Source records:
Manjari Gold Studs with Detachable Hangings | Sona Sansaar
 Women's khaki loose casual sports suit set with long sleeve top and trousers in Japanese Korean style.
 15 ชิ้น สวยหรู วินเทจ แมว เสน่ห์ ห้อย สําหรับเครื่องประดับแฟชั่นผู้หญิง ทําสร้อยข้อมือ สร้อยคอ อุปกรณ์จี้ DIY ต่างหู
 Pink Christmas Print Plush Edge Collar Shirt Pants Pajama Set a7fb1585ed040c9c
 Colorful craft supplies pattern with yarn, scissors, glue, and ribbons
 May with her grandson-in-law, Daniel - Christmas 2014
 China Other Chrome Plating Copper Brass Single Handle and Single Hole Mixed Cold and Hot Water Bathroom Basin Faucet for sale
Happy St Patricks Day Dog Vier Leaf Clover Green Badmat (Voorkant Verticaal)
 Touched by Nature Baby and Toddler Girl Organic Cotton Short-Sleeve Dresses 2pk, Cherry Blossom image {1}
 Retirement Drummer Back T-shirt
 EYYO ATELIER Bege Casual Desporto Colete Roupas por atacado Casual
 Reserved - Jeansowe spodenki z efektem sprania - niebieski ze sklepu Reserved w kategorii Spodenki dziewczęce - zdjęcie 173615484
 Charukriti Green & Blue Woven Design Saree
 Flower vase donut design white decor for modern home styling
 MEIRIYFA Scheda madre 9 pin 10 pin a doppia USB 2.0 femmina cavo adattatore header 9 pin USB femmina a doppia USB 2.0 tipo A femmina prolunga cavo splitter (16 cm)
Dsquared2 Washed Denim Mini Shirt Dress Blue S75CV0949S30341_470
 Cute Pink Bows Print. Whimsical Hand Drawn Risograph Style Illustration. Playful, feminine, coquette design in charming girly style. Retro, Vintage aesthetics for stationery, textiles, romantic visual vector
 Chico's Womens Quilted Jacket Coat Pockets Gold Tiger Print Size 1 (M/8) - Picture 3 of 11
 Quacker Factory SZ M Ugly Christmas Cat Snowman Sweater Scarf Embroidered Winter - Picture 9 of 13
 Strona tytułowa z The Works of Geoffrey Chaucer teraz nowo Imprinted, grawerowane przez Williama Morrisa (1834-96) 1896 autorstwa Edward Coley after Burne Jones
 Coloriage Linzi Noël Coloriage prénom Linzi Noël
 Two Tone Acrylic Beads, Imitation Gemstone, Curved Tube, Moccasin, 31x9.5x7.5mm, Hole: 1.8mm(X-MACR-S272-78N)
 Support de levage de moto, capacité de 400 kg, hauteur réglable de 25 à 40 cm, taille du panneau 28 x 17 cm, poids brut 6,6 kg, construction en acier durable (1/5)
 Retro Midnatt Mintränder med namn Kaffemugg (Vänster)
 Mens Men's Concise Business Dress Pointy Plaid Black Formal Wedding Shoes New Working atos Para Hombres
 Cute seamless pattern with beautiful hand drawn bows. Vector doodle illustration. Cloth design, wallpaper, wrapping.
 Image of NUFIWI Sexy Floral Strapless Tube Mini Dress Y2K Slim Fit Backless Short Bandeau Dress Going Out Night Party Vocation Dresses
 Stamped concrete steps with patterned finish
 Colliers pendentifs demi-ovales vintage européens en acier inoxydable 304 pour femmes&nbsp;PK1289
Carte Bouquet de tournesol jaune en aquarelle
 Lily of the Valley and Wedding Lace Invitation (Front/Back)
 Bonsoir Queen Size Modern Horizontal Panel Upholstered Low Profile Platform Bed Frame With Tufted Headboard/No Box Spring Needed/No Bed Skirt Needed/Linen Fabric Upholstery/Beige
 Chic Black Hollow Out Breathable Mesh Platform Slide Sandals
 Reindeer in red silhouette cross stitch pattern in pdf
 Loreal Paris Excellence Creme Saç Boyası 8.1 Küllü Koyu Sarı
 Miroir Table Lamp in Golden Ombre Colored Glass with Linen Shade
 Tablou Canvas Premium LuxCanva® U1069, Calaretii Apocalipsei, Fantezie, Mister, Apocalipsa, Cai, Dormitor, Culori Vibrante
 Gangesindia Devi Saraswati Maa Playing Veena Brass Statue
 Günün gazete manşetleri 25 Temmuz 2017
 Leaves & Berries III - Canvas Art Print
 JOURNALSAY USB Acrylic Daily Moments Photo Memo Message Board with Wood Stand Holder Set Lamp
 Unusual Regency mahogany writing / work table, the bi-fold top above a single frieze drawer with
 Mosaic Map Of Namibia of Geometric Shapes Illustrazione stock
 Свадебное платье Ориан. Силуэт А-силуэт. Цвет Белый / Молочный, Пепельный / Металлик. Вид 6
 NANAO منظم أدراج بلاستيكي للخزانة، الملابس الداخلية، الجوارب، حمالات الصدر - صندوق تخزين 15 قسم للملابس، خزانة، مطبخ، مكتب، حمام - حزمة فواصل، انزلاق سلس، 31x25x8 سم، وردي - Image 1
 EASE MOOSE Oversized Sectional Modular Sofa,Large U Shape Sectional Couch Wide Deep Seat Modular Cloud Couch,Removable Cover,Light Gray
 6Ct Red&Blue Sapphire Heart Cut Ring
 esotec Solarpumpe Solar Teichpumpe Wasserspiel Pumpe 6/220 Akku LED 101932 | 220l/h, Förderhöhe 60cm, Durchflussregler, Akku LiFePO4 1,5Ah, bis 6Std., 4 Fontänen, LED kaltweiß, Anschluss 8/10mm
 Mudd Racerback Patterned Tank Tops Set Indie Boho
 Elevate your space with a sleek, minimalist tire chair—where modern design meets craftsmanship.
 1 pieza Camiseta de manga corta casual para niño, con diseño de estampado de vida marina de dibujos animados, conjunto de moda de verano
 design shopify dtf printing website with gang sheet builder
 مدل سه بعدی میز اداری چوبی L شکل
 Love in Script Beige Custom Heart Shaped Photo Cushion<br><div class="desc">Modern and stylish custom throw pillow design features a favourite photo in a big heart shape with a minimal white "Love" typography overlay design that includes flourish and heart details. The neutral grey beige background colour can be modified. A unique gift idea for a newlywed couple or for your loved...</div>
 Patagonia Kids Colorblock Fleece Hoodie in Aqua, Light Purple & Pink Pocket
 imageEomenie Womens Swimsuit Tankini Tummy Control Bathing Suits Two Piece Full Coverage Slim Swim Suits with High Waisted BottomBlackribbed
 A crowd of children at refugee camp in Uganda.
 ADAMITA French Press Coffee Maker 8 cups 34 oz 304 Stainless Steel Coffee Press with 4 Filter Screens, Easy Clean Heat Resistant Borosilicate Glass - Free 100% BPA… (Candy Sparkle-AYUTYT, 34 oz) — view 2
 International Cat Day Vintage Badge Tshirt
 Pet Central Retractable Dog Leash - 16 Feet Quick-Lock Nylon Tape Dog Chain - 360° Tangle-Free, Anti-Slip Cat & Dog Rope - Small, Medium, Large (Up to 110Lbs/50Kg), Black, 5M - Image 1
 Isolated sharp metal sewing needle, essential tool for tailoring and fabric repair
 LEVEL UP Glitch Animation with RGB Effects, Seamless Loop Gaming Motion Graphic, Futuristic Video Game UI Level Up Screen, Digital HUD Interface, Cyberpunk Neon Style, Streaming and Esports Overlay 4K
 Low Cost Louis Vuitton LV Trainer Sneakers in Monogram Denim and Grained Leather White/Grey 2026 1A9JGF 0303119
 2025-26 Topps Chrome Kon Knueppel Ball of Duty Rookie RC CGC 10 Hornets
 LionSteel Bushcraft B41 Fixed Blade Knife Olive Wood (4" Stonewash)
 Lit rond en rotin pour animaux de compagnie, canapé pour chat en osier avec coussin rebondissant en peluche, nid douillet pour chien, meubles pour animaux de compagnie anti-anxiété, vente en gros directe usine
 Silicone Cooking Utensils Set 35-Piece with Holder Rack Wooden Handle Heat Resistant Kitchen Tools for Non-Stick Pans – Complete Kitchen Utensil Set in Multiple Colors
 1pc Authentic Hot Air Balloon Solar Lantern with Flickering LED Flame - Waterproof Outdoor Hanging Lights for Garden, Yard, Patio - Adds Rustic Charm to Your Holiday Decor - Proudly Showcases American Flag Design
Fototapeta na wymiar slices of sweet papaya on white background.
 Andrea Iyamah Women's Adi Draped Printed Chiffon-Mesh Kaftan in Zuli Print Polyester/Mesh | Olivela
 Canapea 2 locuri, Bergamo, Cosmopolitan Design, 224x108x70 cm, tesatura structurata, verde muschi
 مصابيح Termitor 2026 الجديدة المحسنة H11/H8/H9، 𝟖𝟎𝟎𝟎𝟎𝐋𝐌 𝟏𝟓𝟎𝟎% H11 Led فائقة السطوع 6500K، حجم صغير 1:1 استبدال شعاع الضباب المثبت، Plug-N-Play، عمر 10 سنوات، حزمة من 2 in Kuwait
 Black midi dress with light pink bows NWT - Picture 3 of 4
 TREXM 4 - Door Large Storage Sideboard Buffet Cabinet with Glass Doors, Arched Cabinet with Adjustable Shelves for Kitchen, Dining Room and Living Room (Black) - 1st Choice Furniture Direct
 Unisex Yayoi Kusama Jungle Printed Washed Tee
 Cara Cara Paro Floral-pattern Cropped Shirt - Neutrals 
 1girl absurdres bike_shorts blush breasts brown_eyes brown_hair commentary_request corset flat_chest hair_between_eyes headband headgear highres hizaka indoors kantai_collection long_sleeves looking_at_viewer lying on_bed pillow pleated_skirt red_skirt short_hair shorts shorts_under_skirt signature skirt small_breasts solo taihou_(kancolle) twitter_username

THE PROBLEM:
The lines to copy run from the start of the records above through the line holding "China Other Chrome"; give them exactly, both ends included, and nothing else.

ANSWER TO THE EXERCISE:
Manjari Gold Studs with Detachable Hangings | Sona Sansaar
 Women's khaki loose casual sports suit set with long sleeve top and trousers in Japanese Korean style.
 15 ชิ้น สวยหรู วินเทจ แมว เสน่ห์ ห้อย สําหรับเครื่องประดับแฟชั่นผู้หญิง ทําสร้อยข้อมือ สร้อยคอ อุปกรณ์จี้ DIY ต่างหู
 Pink Christmas Print Plush Edge Collar Shirt Pants Pajama Set a7fb1585ed040c9c
 Colorful craft supplies pattern with yarn, scissors, glue, and ribbons
 May with her grandson-in-law, Daniel - Christmas 2014
 China Other Chrome Plating Copper Brass Single Handle and Single Hole Mixed Cold and Hot Water Bathroom Basin Faucet for sale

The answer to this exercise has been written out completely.